Berna Menezes também perguntou ao sociólogo sobre a importância do trabalho dos servidores públicos. Segundo ele “é um momento muito importante para ajudar a humanidade a pensar. Quem está salvando vidas no país? É o SUS! Se não fosse o SUS, que foi destroçado todos esses anos, especialmente, mas não só, pelos governos Temer e Bolsonaro. Temos que resgatar os sentido público e social da medicina, da saúde, da educação e da previdência. Se não buscarmos uma alternativa, um outro modo de vida pro mundo, vamos conhecer um andar abaixo do inferno. O isolamento é a condição para salvar vida. Médicos, enfermeiros, auxiliares de enfermagem estão dando uma aula de humanidade ao se arriscarem saindo para trabalhar todos os dias. Afinal, quanto ganha um enfermeiro hoje no setor público? Enquanto o capital financeiro pratica o vilipendio por segundo? Nem os países capitalistas avançados, com raras exceções, conseguiram conter a doença sem um número gritante de mortos, pois destruíram os seus sistema de saúde. A humanidade terá que se perguntar: é isso que nós queremos?”

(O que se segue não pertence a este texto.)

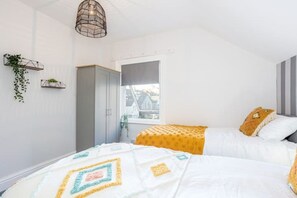 2 quartos, ferros/tábuas de passar roupa, berço de viagem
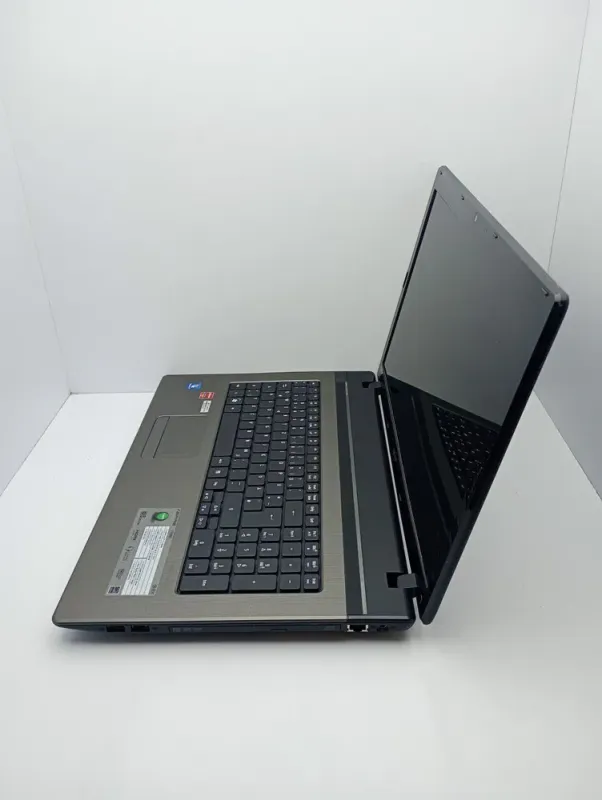 Ноутбук Acer Aspire 7750G / 17.3" (1600x900) TN / Intel Core i7-2630QM (4 (8) ядра по 2.0 - 2.9 GHz) / 8 GB DDR3 / 120 GB SSD / AMD Radeon HD 7670M, 2 GB DDR3, 128-bit / WebCam б/в - зображення 6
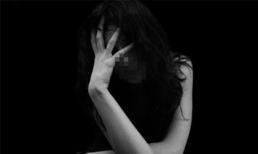 Nữ sinh 19 tuổi bị &#233;p b&#225;n d&#226;m 14 lần trong 3 ng&#224;y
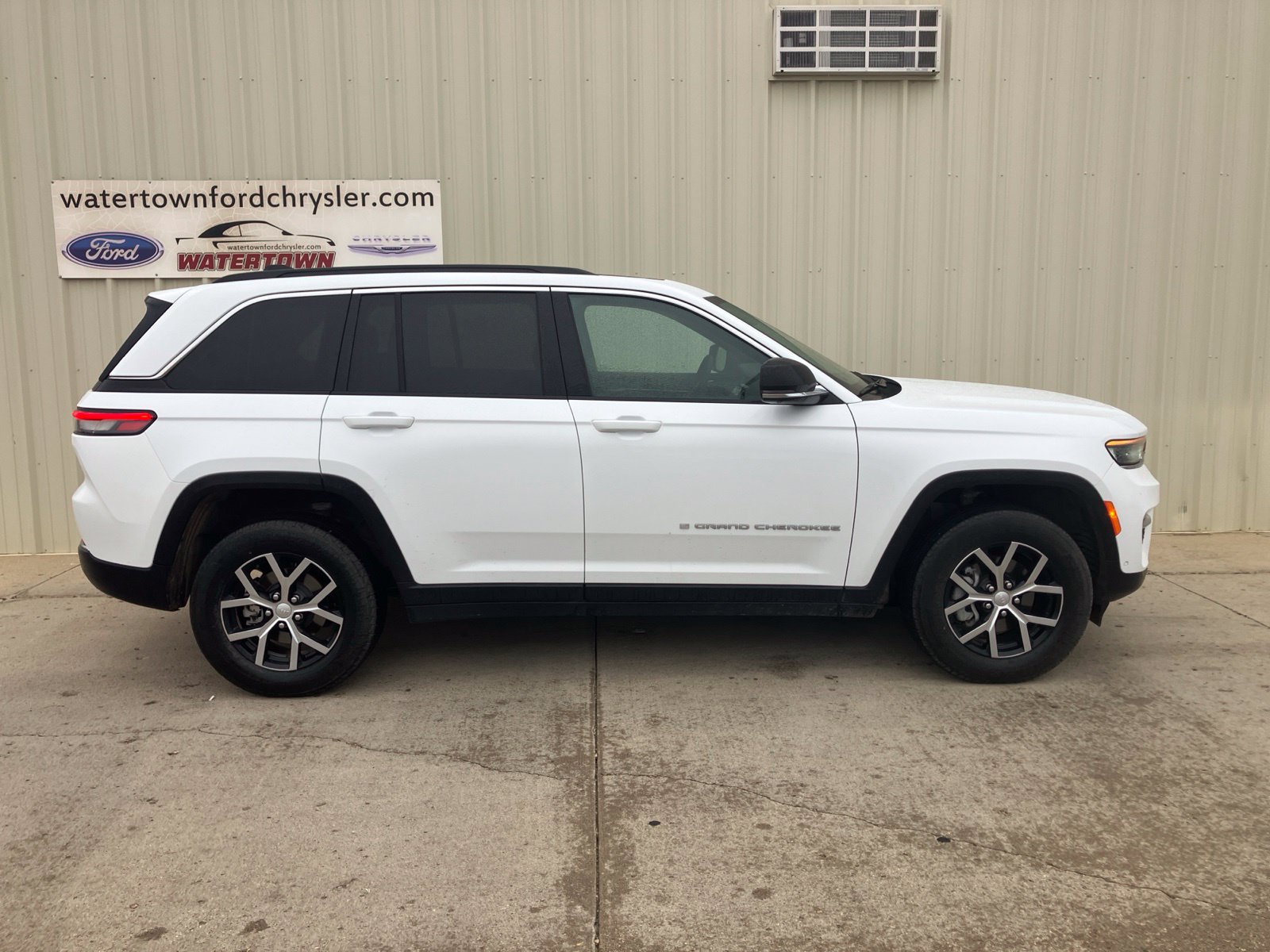 Used 2024 Jeep Grand Cherokee Limited SUV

Para a Coordenadora da Assufrgs, “Essa revolução no mundo do trabalho pegou a esquerda de calça curta, a uberização veio por fora, ganhando a cabeça do trabalhador, de que ele seria um empreendedor. Milhares de trabalhadores endividados que compraram carro e moto, para serem entregadores de app. Essa revolução que deveria ser para o inverso, para trabalhar menos. Esse mundo pós pandemia virá com ainda mais força. A desregulamentação das leis trabalhistas, o vale tudo no mundo do trabalho, o privilegio da servidão.” Ricardo Antunes acrescentou que “estamos criando uma massa de escravos digitais, que trabalham 12 horas por dia, numa intensidade brutal e não é verdade que são livres. Esse trabalhador não dá o preço da corrida, não diz como vai ganhar, não pode recusar as corridas sem justificativa. É um forma de escravidão. Uma massa inteira de desempregados precisando aceitar qualquer trabalho. Aqueles que diziam que íamos entrar no admirável mundo da felicidade, esqueceram que a felicidade verdadeira é só para 3% da população mundial. Para ficar no Brasil, apenas 5 ou 6 empresários mais ricos do Brasil ganham o que produzem 100 milhões de brasileiras todos os dias. Há alguma coisa de podre nisso tudo”

Como saída para esse quadro negativo, Berna Menezes alerta que a pandemia deve servir para um abertura de consciência dos trabalhadores. “Não é mais possível aceitar trabalhos sem direitos, na informalidade. É necessário taxar lucro das grandes fortunas, do mercado financeiros e dos bancos. Assim teremos dinheiro para pagar uma valor digno para a população, não míseros R$600. Vai ter dinheiro para o SUS, para a educação pública, para a previdência social.”, finalizou Ricardo Antunes.